→ **What is expected**
Every record that follows is to be copied exactly, with the pictures omitted.

→ **Items from a data source**

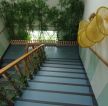 学校楼梯装饰装修效果图片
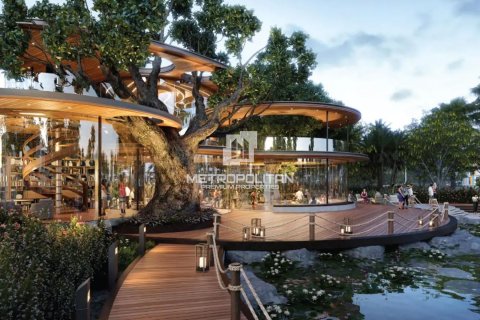 Appartement à Dubai Land, Dubai, 1 chambre, 79 m², № 73189 - photo 11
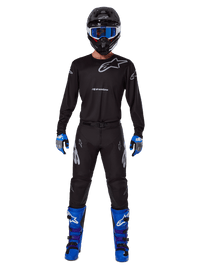 2026 Racer Graphite Jersey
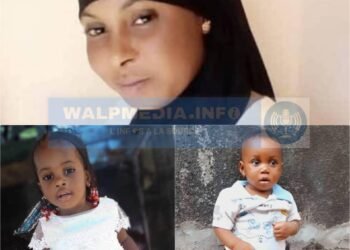 Bambéto : une mère et deux de ses enfants périssent dans un incendie nocturne.   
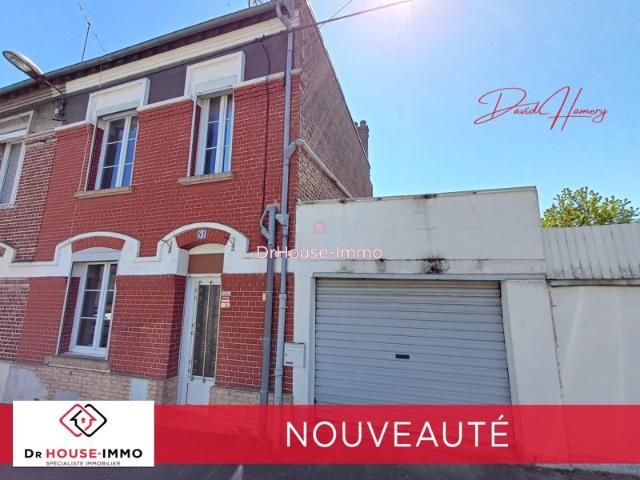 Maison 5 pièces 100 m2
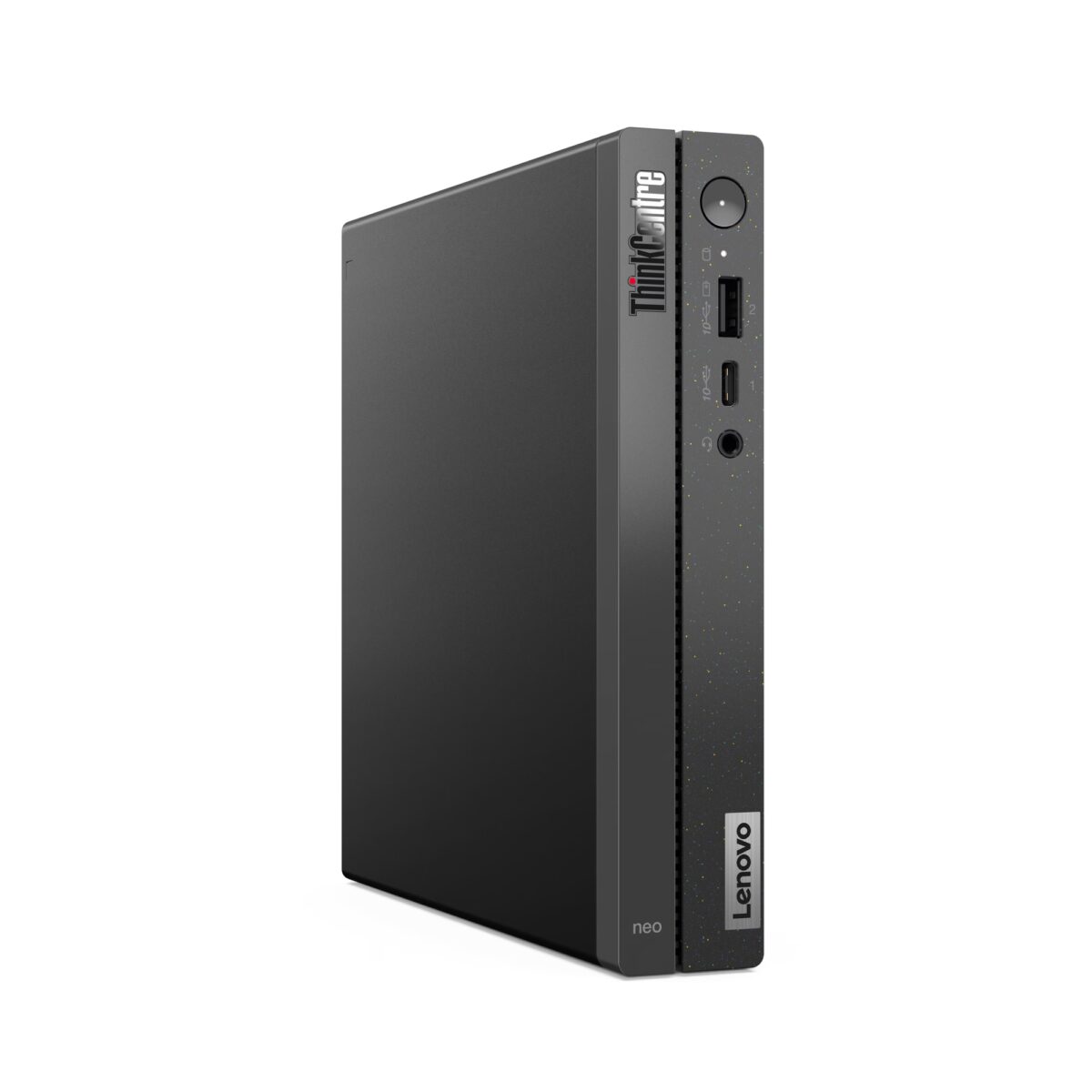 Lenovo Think 12LN0047YA ThinkCentre neo 50q G4 Tiny, Core i3-1215U (6C (2P+4E)/8T, P 1.2/4.4GHz, E 0.9/3.3GHz, 10MB), DDR4 1x 16GB SODIMM, SSD 512GB 2280 NVMe Opal, UHD Graphic, GLAN, WLAN, BT, Spk 2x 1W, HDMI/DP, 1x USB-C 3.2 G2 KybSR/Mouse, 65W p/s - Image 6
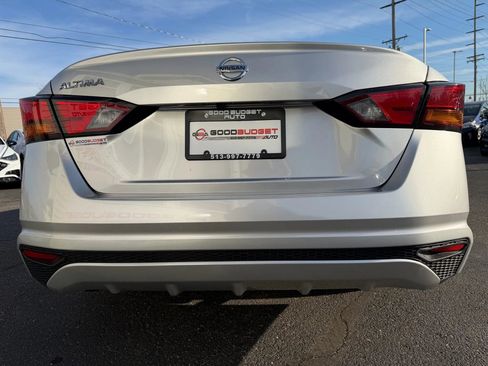 Used 2020 Nissan Altima 2.5 S image 15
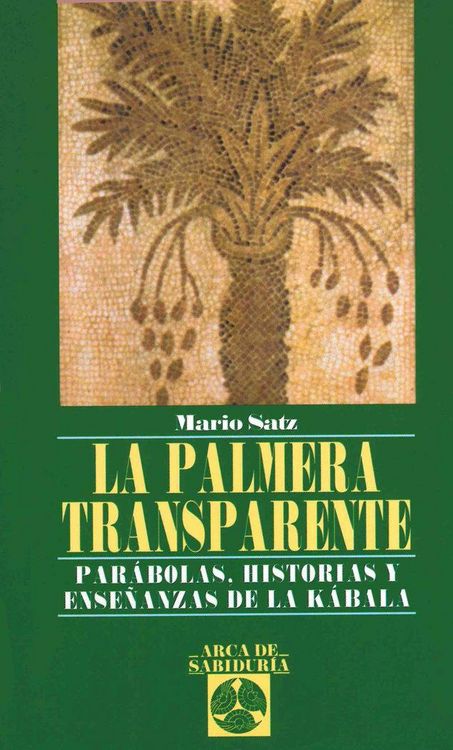 Produktbild: La palmera transparente
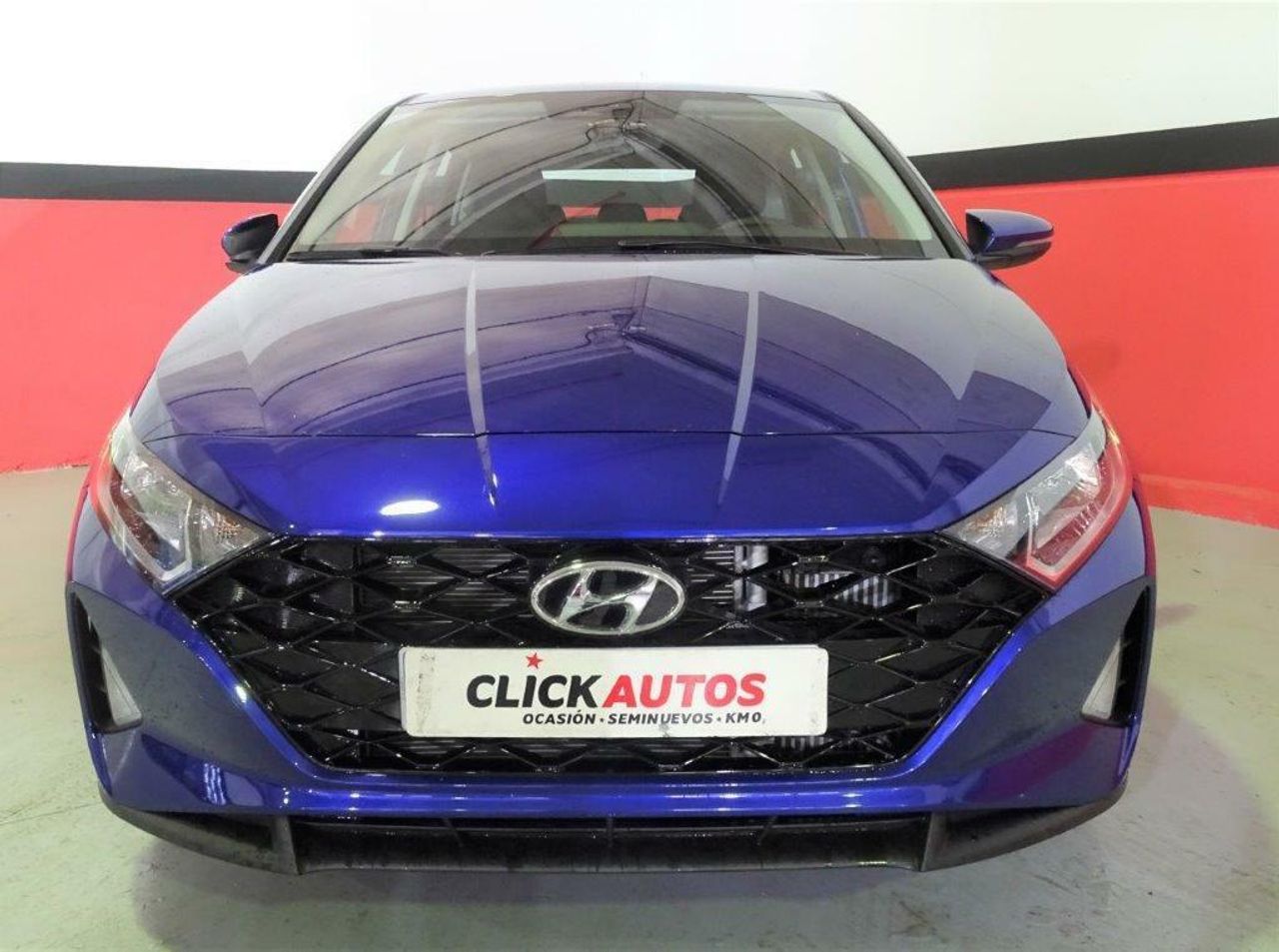 hyundai i20 2021 / foto grande (2)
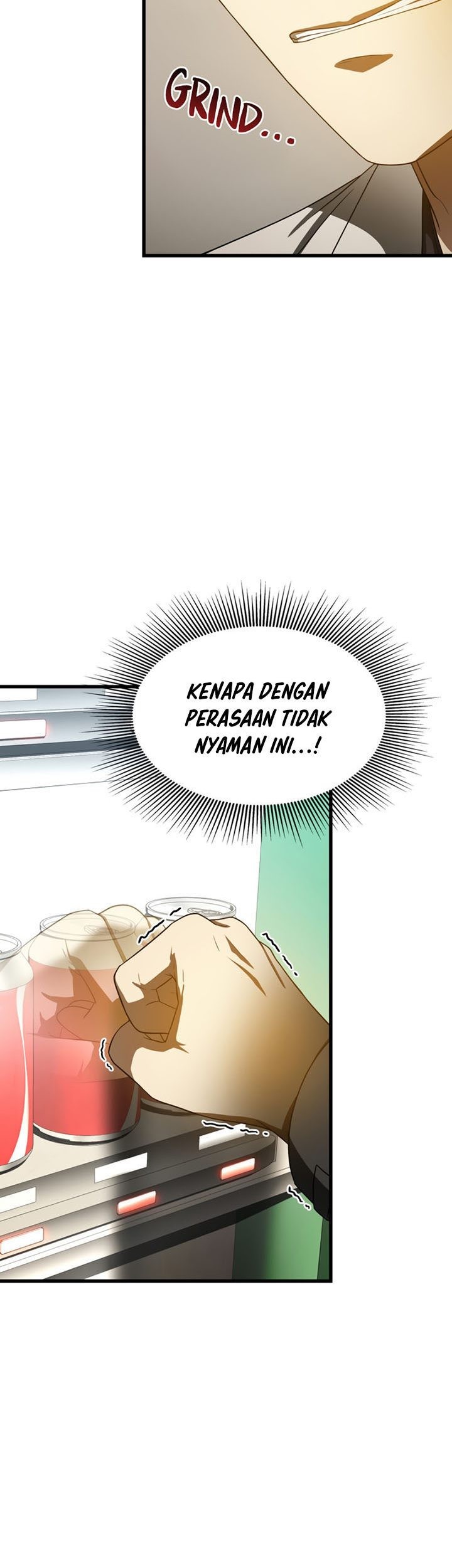Perfect Surgeon Chapter 81 - halaman 52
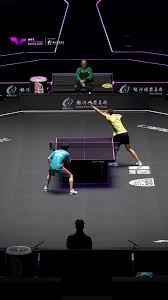 Image result for Generation 2 Table Tennis Club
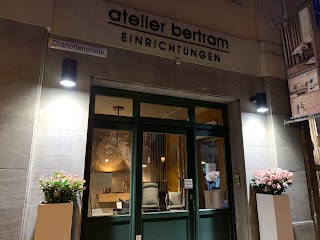 Atelier Bertram Einrichtungen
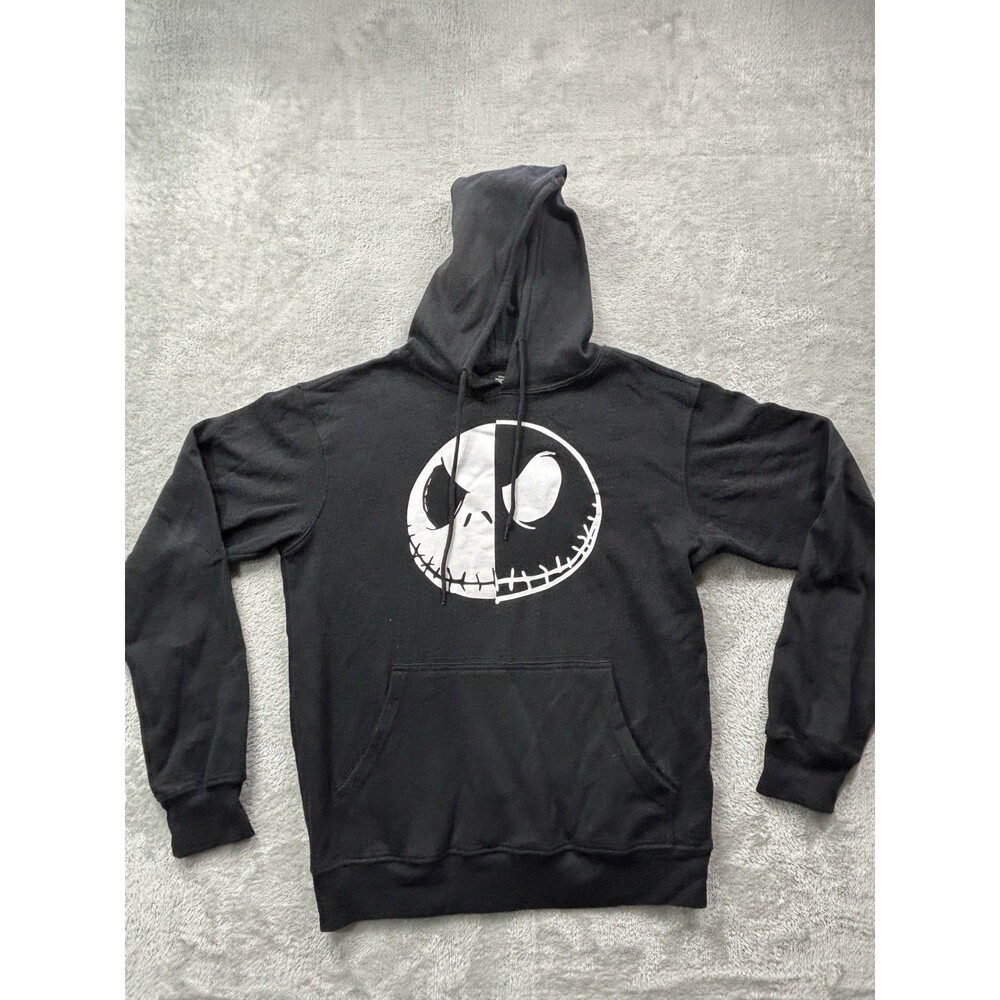Disney - Nightmare Before Christmas hoodie size small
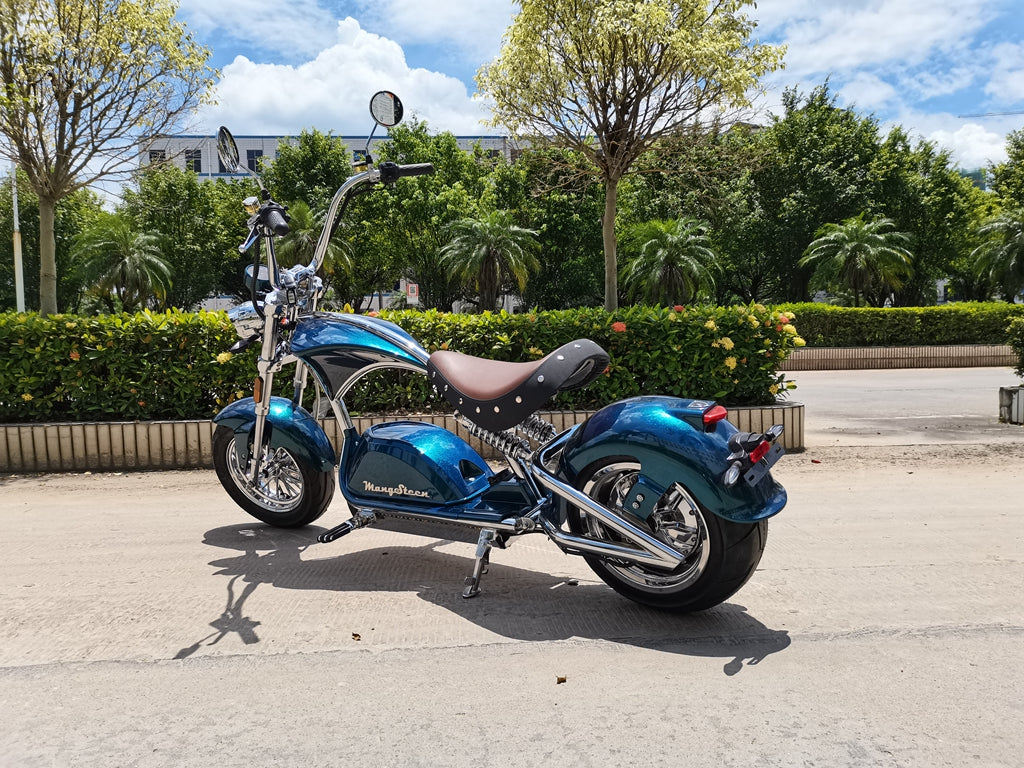 citycoco m1ps electric motorcycle 4000w 80kmph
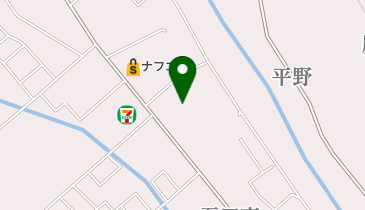 日南丸高株式会社の地図画像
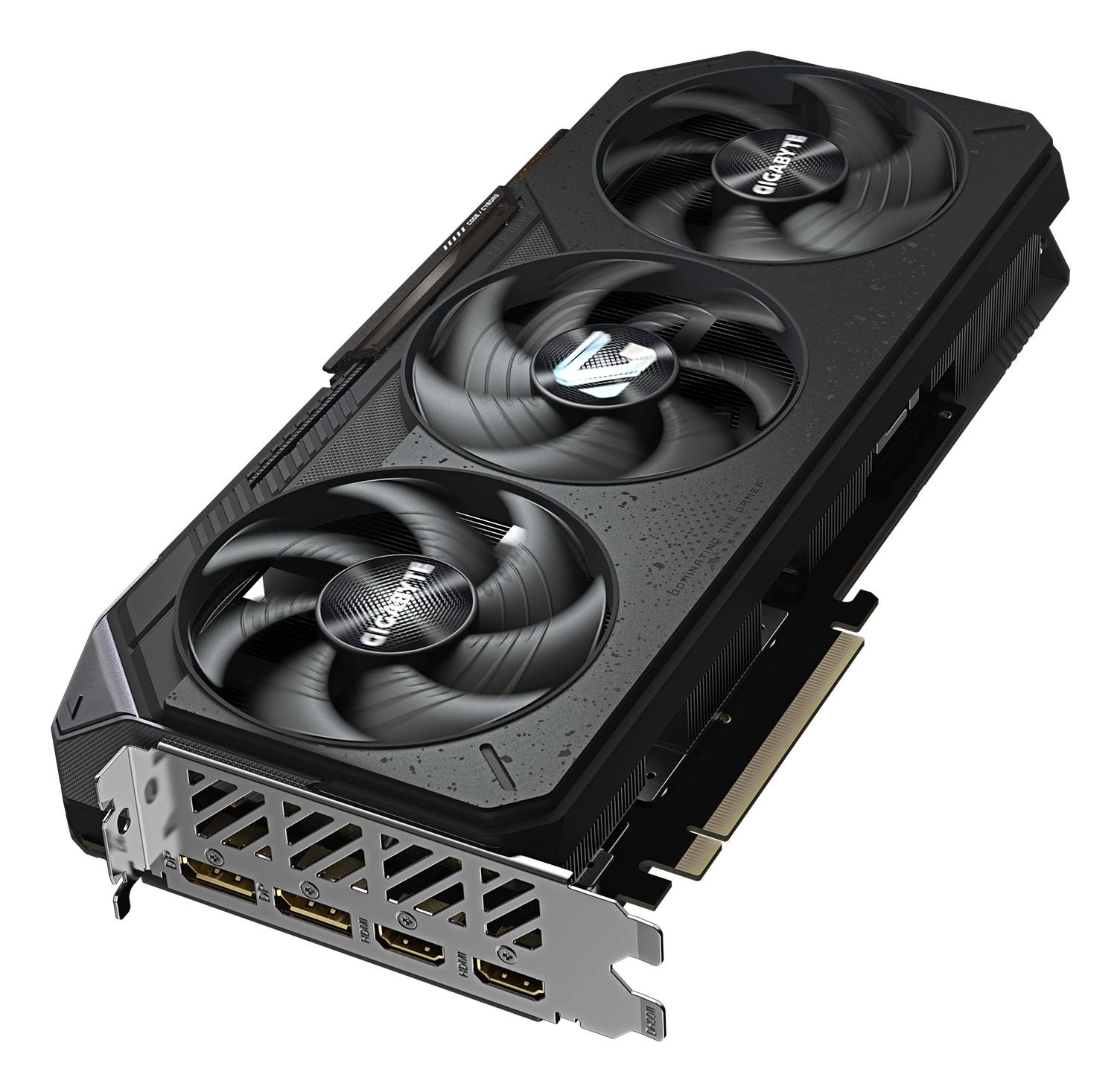 GIGABYTE Radeon RX 9070 GRE GAMING OC 12G AMD 12 GB GDDR6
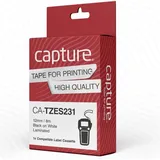 CAPTURE CA-TZES231, 40 g, 74 mm, 111 mm, 24 mm, 55 g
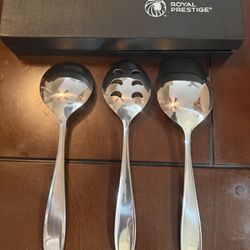 Serving Set 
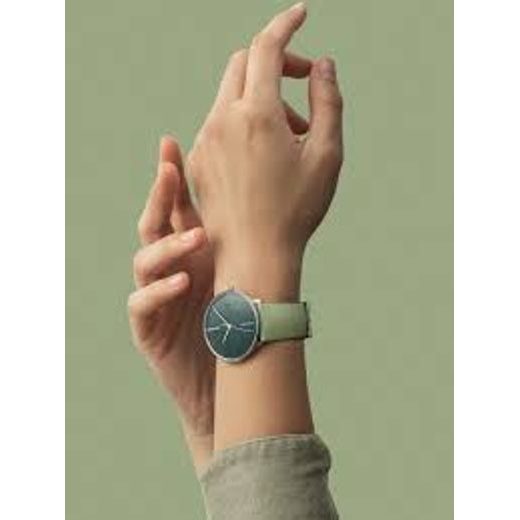 JUNGHANS MEISTER FEIN AUTOMATIC 27/4357.00 - FEIN - ZNAČKY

→ **Exercise output**
 学校楼梯装饰装修效果图片
 Appartement à Dubai Land, Dubai, 1 chambre, 79 m², № 73189 - photo 11
 2026 Racer Graphite Jersey
 Bambéto : une mère et deux de ses enfants périssent dans un incendie nocturne.   
 Maison 5 pièces 100 m2
 Lenovo Think 12LN0047YA ThinkCentre neo 50q G4 Tiny, Core i3-1215U (6C (2P+4E)/8T, P 1.2/4.4GHz, E 0.9/3.3GHz, 10MB), DDR4 1x 16GB SODIMM, SSD 512GB 2280 NVMe Opal, UHD Graphic, GLAN, WLAN, BT, Spk 2x 1W, HDMI/DP, 1x USB-C 3.2 G2 KybSR/Mouse, 65W p/s - Image 6
 Used 2020 Nissan Altima 2.5 S image 15
 Produktbild: La palmera transparente
 hyundai i20 2021 / foto grande (2)
Perfect Surgeon Chapter 81 - halaman 52
 Image result for Generation 2 Table Tennis Club
 Atelier Bertram Einrichtungen
Disney - Nightmare Before Christmas hoodie size small
 citycoco m1ps electric motorcycle 4000w 80kmph
 日南丸高株式会社の地図画像
 GIGABYTE Radeon RX 9070 GRE GAMING OC 12G AMD 12 GB GDDR6
 CAPTURE CA-TZES231, 40 g, 74 mm, 111 mm, 24 mm, 55 g
 Serving Set 
 JUNGHANS MEISTER FEIN AUTOMATIC 27/4357.00 - FEIN - ZNAČKY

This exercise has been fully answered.